How to complete this task – Keep images out and repeat all data exactly.

Given data –
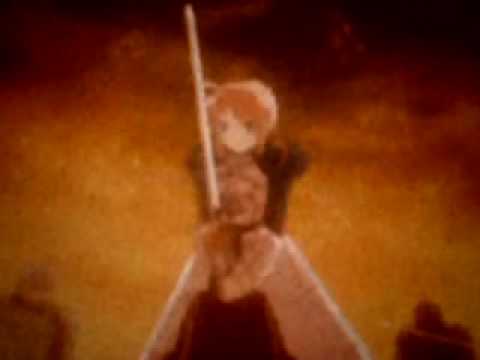 fate pc review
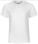 Bio-T-Shirt für Kinder - whi - variant 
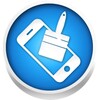PhoneClean 5.1.1 20171010 for Windows Icon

Written answer –
 fate pc review
 Bio-T-Shirt für Kinder - whi - variant 
PhoneClean 5.1.1 20171010 for Windows Icon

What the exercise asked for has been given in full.